Le Tribunal de commerce d’Orléans, par jugement du 23 octobre 2025, a été saisi d’un litige relatif à la restitution d’une pelle hydraulique. Un établissement financier, propriétaire du bien en vertu d’un contrat de location, en demande la restitution à une société de réparation qui la détient. Cette dernière oppose un droit de rétention pour des frais de gardiennage impayés. Le tribunal, constatant l’existence d’une procédure parallèle sur le même objet, a décidé de surseoir à statuer.
La compétence du juge commercial face à une procédure d’exécution en cours
Le tribunal justifie son incompétence temporaire par la litispendance. Une ordonnance du juge de l’exécution avait déjà enjoint la restitution du matériel. L’opposition formée contre cette ordonnance maintient un litige identique devant le tribunal judiciaire. Le juge commercial ne peut donc intervenir sans risquer de contrarier une décision à venir. « Le Tribunal de Commerce ne peut statuer sur le litige dès lors qu’une procédure sur ce même litige demeure en cours devant une autre juridiction » (Motifs). Cette analyse rappelle le principe fondamental d’évitement des décisions contradictoires. La litispendance impose une coordination entre les ordres juridictionnels. La solution préserve l’autorité de la chose jugée et l’économie procédurale.

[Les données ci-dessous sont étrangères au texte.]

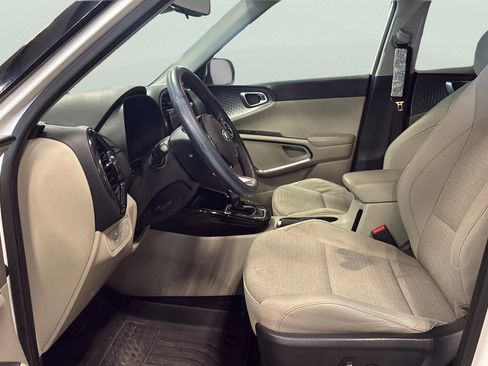 Used 2020 Kia Soul EX FWD image 25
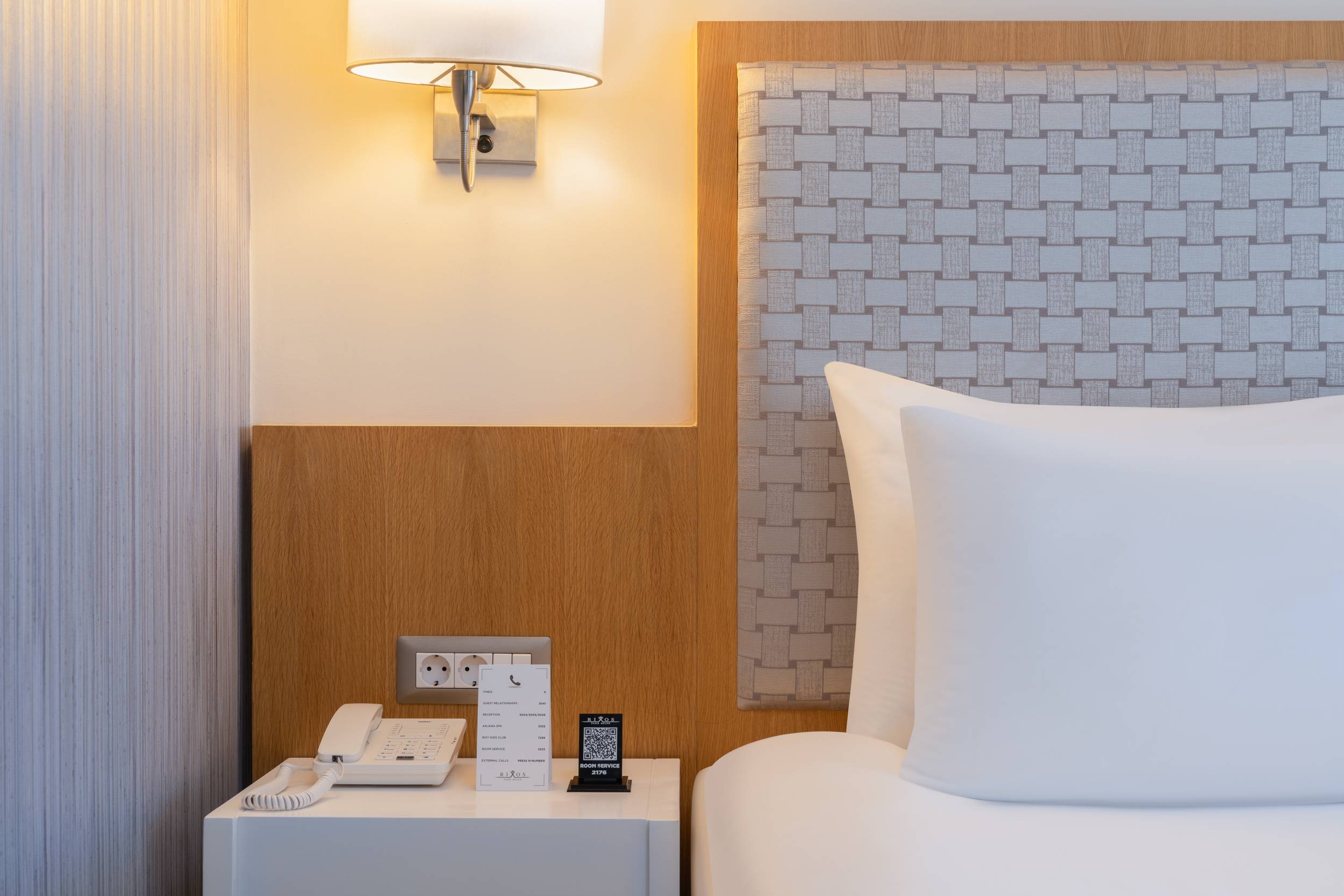 Standardna velika soba s pogledom na vrt, francuskim balkonom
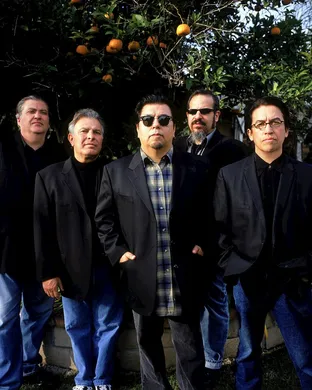 Los Lobos King Of Prussia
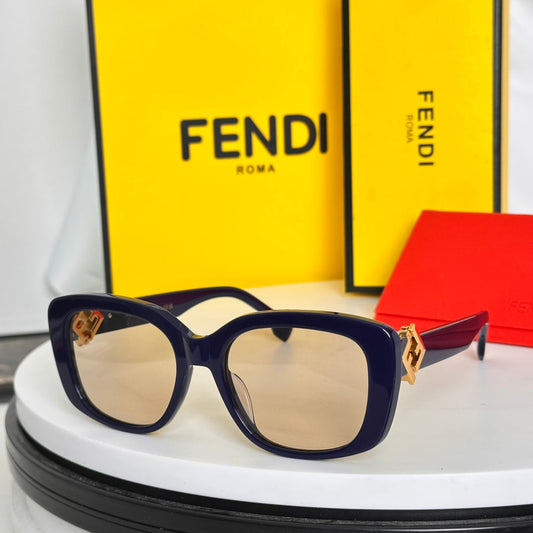 ROMA SQUARE FRAME SUNGLASSES FE40138I IN ACETATE - White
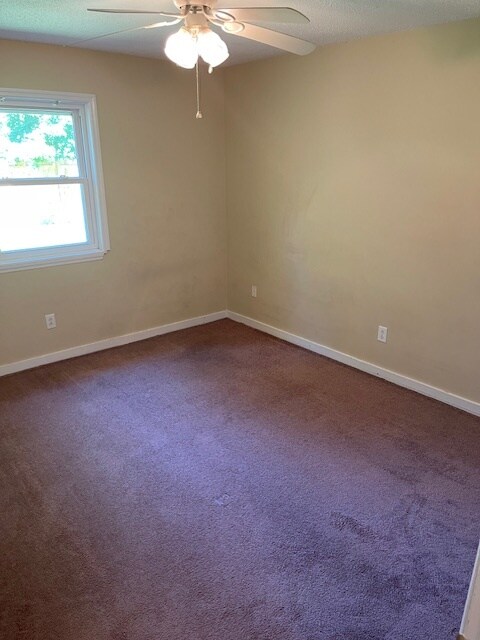 Building Photo - 210 Webb Blvd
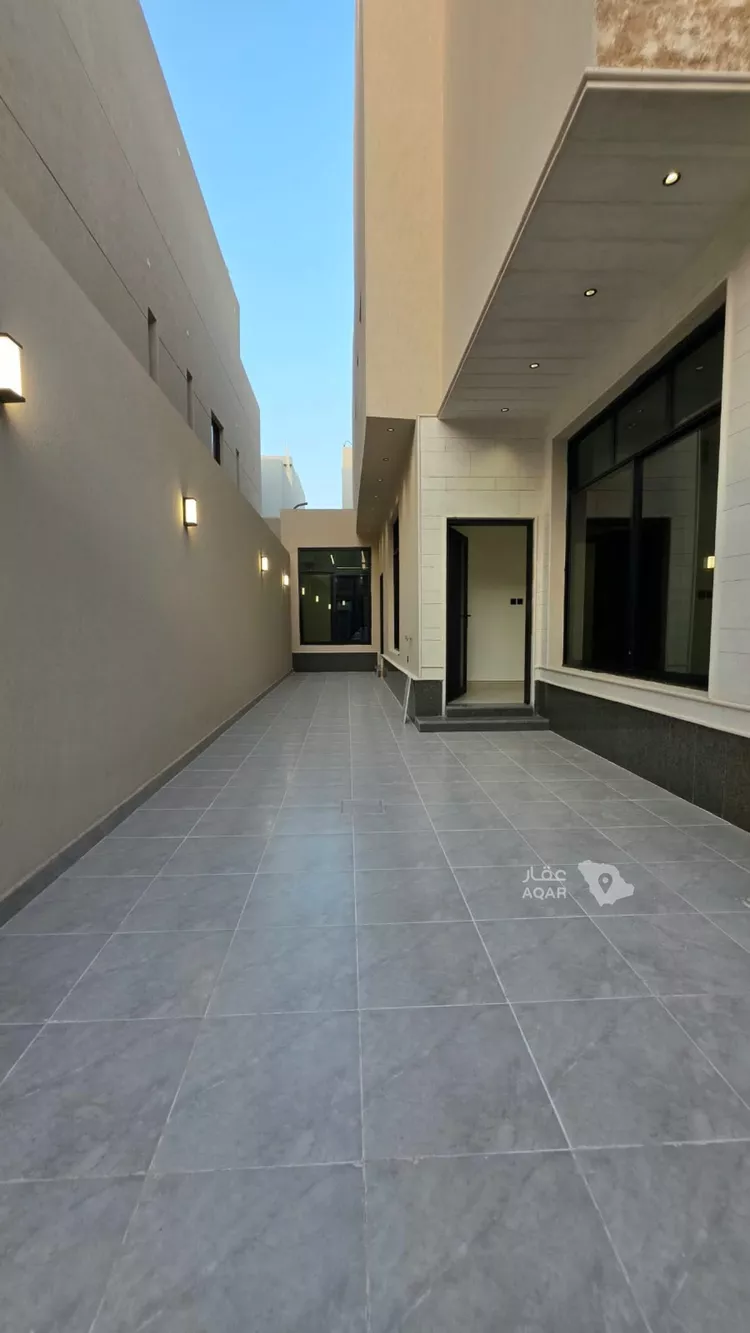 فيلا للبيع في شارع يعقوب بن عمرو, حي الرمال, مدينة الرياض, منطقة الرياض 5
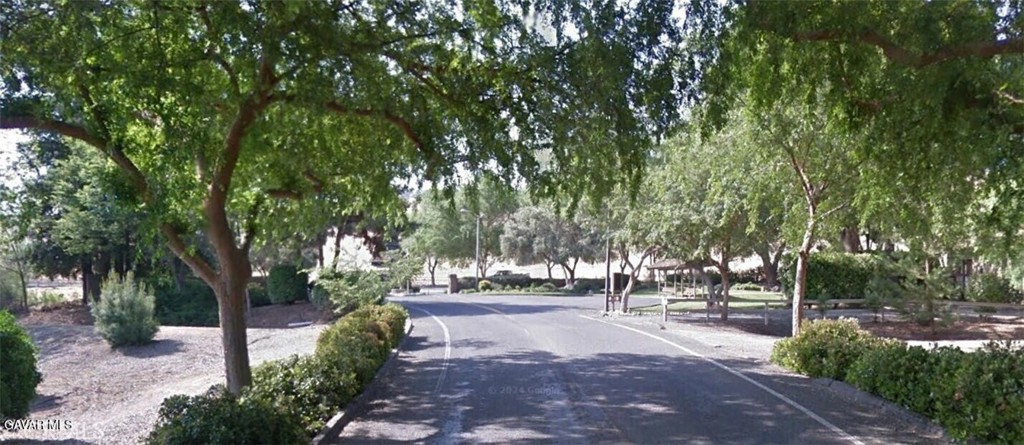 386 High Sierra Dr, Exeter, CA 93221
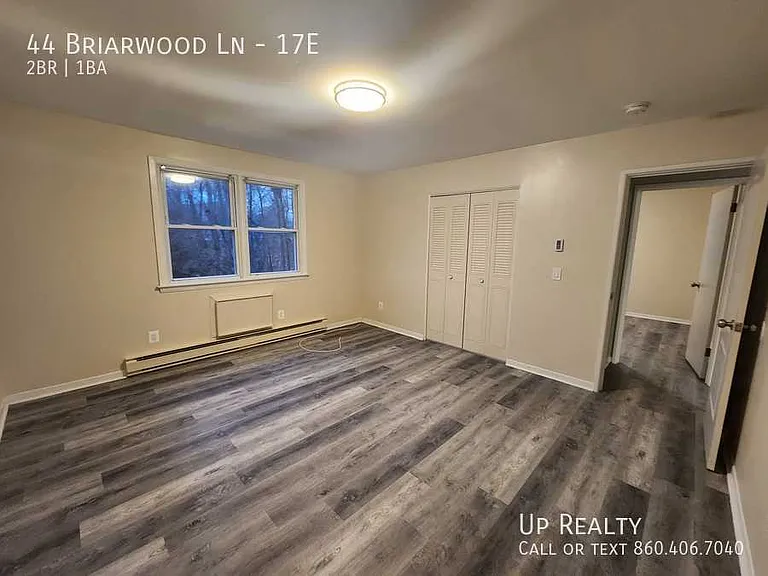 44 Briarwood Ln #17E — Photo 6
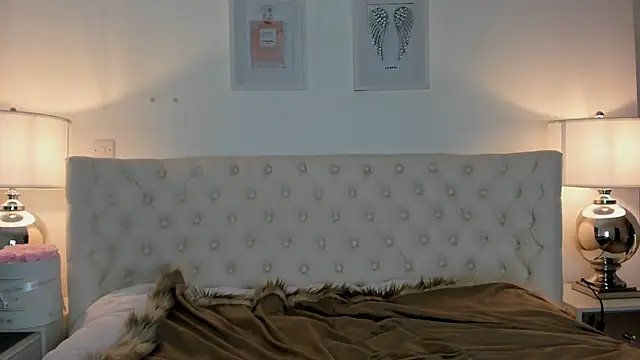 Snapshot of JessicaJames23 chatting on March 21, 2025, 10:17 am JessicaJames23 online show from March 21, 2025, 10:17 am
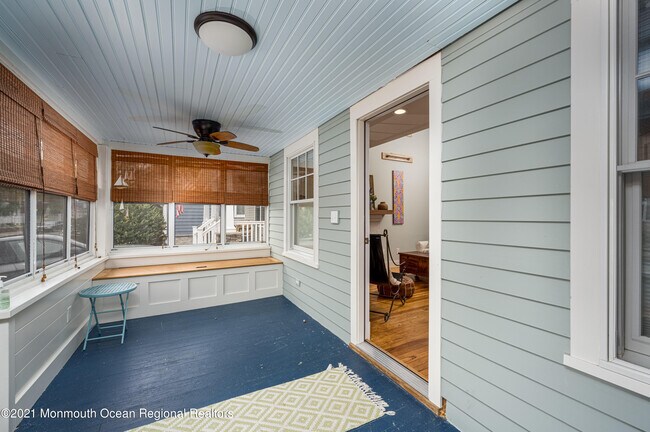 Building Photo - 1832 Briarwood Terrace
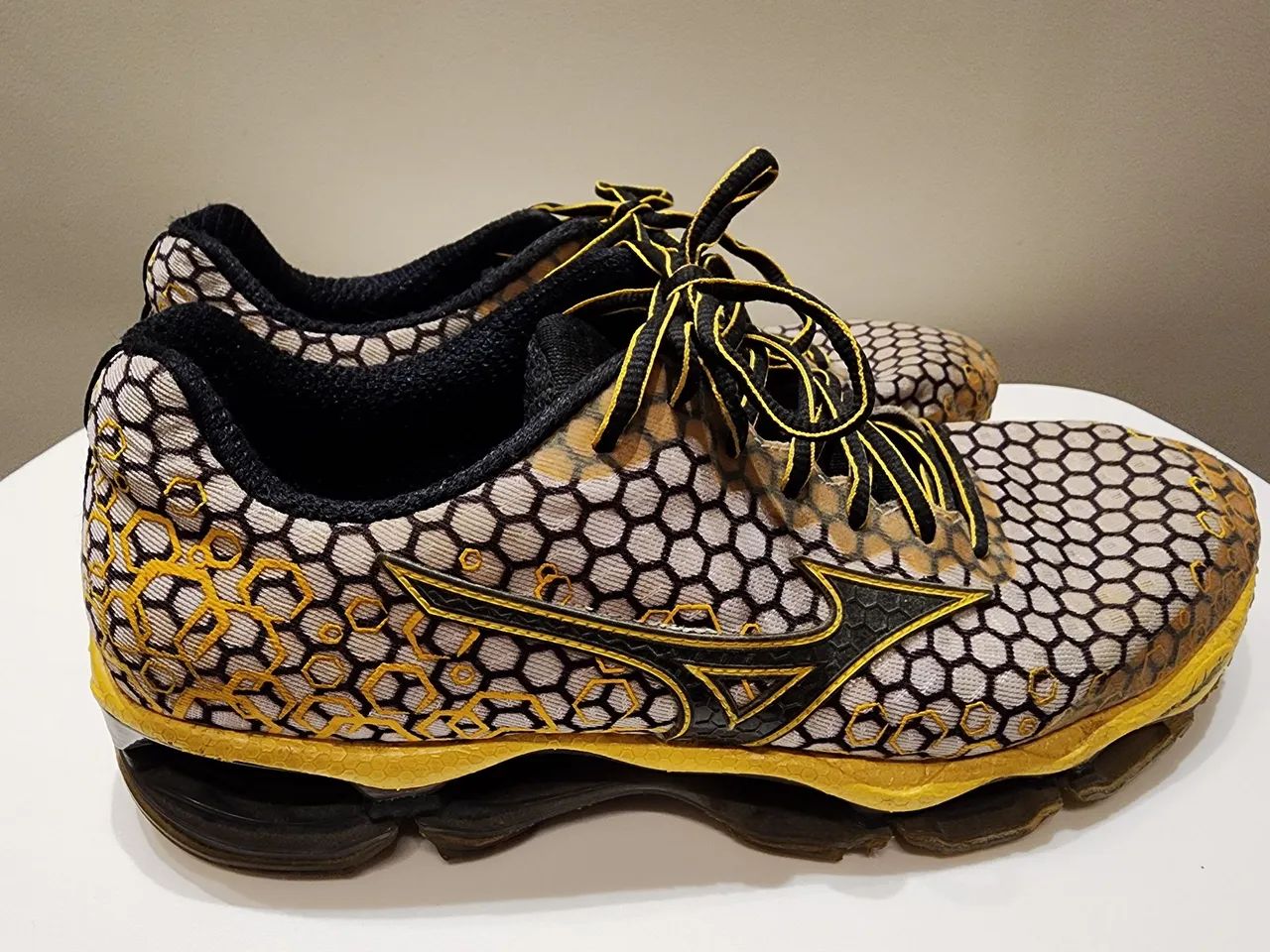 Tênis Mizuno Wave Creation 17 - Tamanho 41 - Usado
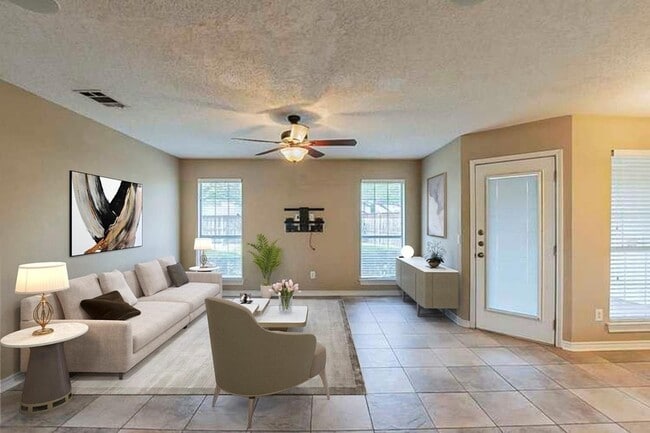 Photo - 4415 Haverhill Ln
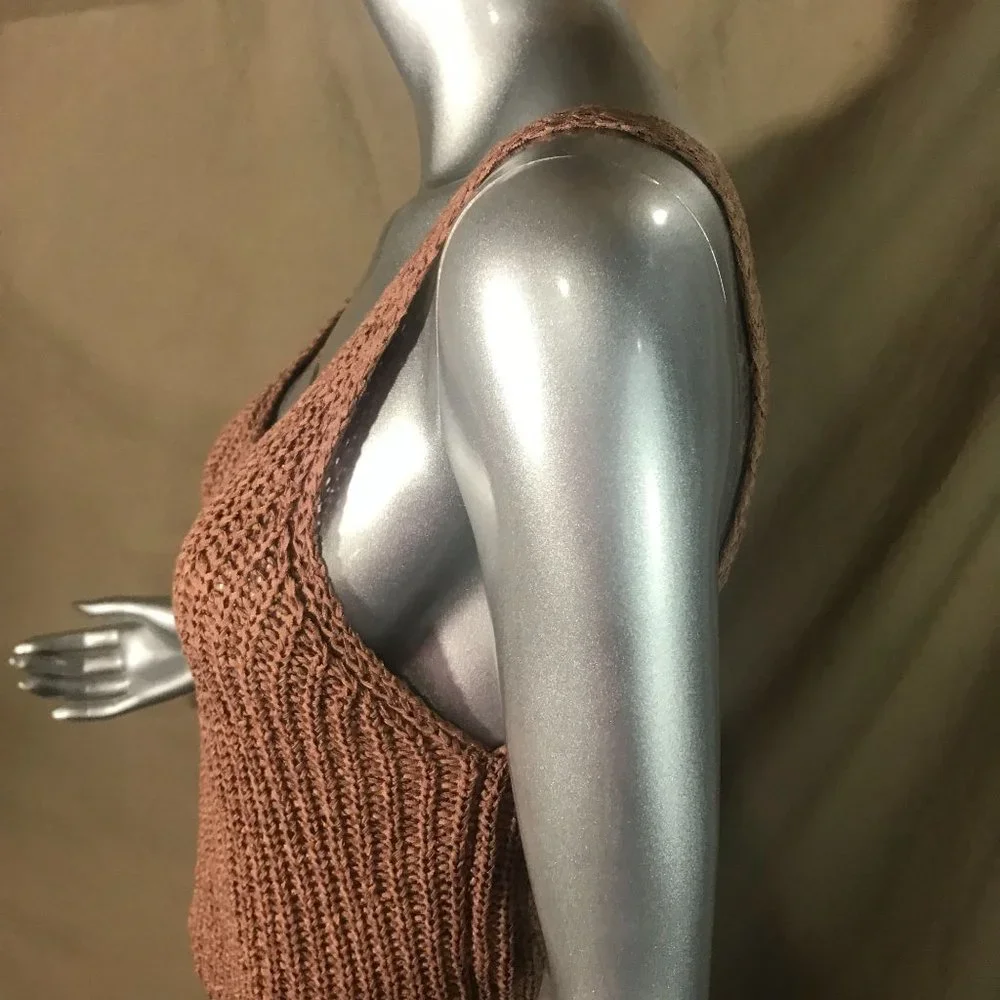 Moon & Madison Medium Knit Tank Top Blouse Boho Neutral Tan Blush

Les effets pratiques du sursis à statuer ordonné par le juge
Le tribunal applique strictement les articles 378 et 379 du code de procédure civile. Le sursis suspend l’instance sans dessaisir le juge. « Le sursis à statuer ne dessaisit pas le juge. A l’expiration du sursis, l’instance est poursuivie à l’initiative des parties » (Motifs). Cette mesure évite de prononcer une décision prématurée sur le fond du droit. Elle laisse au tribunal judiciaire le soin de trancher l’opposition à l’ordonnance de saisie. La portée de cette décision est purement procédurale et temporaire. Elle reporte l’examen des questions substantielles, comme la propriété ou le droit de rétention. Le litige principal demeure donc entier et pourra être rejugé ultérieurement.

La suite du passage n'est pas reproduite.